I am currently reading an article that claims that the value $$\inf \{ a \in \mathbb{R}, |\zeta(\sigma + it)| = O(|t|^{a}) \}$$ is zero if $\sigma > 1$ and is $\frac{1}{2}-\sigma$ if $\sigma < 0$. I understand that the first statement is true because $$\zeta(\sigma + it)$$ is bounded for $\sigma > 1$. The claim that this value is $\frac{1}{2} - \sigma$ should follow from the functional equation $$\zeta(\sigma + it) = 2^{\sigma + it}\pi^{\sigma -1 + it} \sin(\frac{\pi(\sigma + it)}{2})\Gamma((1-\sigma)- it)\zeta((1-\sigma) - it)$$ When $\sigma < 0$, all of the above factors should be bounded from above, with the exception of $\Gamma((1-\sigma)-it)$. According to the discussion here, "Tipping point" between asymptotic behavior of gamma function along the line $z=x+mxi$, $\Gamma((1-\sigma) - it) = O(|t|^{1-\sigma - \frac{1}{2}}e^{-t})=O(|t|^{\frac{1}{2}-\sigma}e^{-t})$
However, this should mean that $\Gamma((1-\sigma) -it) = O(|t|^{b})$ for all $b \in \mathbb{R}$. This should in turn mean, from the functional equation, that $\inf \{ a \in \mathbb{R}, \zeta(\sigma + it) = O(|t|^{a}) \} = -\infty$ if $\sigma < 0$, contradicting the claim that it was $\frac{1}{2}-\sigma$. The article said it was important in Lindelorf’s hypothesis, so I want to make sure that this is correct.
Does it have to do with the sine factor that will cancel out the $e^{-|t|}$ for large $t$? Any advice on this?
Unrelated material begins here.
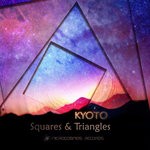 cover: Kyoto - Squares And Triangles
When $x$ lies in a fixed interval and $y\to+\infty$, Stirling's approximation gives
$$ \log\Gamma(x+iy)=\left(x+iy-\frac12\right)\log(iy)-iy+\frac12\log2\pi+O(y^{-1}), $$
so taking real components gives
$$ \log|\Gamma(x+iy)|=\left(x-\frac12\right)\log y-{\pi y\over2}+\frac12\log2\pi+O(y^{-1}). $$
Exponentiating gives
$$ |\Gamma(x+iy)|\sim y^{x-\frac12}e^{-\pi y/2}. $$
Because $\Gamma(\overline z)=\overline{\Gamma(z)}$, we have the following general asymptotic formula:
$$ |\Gamma(x+iy)|\sim|y|^{x-\frac12}e^{-\pi|y|/2},\quad(y\to\pm\infty).\tag1 $$
From Euler's formula, we have for $x$ lying in a fixed interval and $y\to+\infty$ that
$$ \sin(x+iy)={1\over2i}(e^{ix-y}-e^{-ix+y})=-{e^{-ix+y}\over2i}+O(e^{-y}), $$
so generalizing gives
$$ |\sin(x+iy)|\sim\frac12e^y,\quad(y\to\pm\infty).\tag2 $$
By the functional equation, we have for $s=\sigma+it$ that
$$ \zeta(s)=2(2\pi)^{s-1}\Gamma(1-s)\sin\left(\pi s\over2\right)\zeta(1-s). $$
For fixed $\sigma<0$ and $t\to\pm\infty$, (1) and (2) gives
\begin{aligned} |\zeta(\sigma+it)| &\sim2(2\pi)^{\sigma-1}|t|^{\frac12-\sigma}e^{-\pi|t|/2}\cdot e^{\pi|t|/2}|\zeta(1-\sigma-it)| \\ &=2(2\pi)^{\sigma-1}|t|^{\frac12-\sigma}\left|\sum_{n=1}^\infty n^{\sigma+it-1}\right| \\ &\le=2(2\pi)^{\sigma-1}|t|^{\frac12-\sigma}\sum_{n=1}^\infty n^{\sigma-1}=O(|t|^{\frac12-\sigma}). \end{aligned}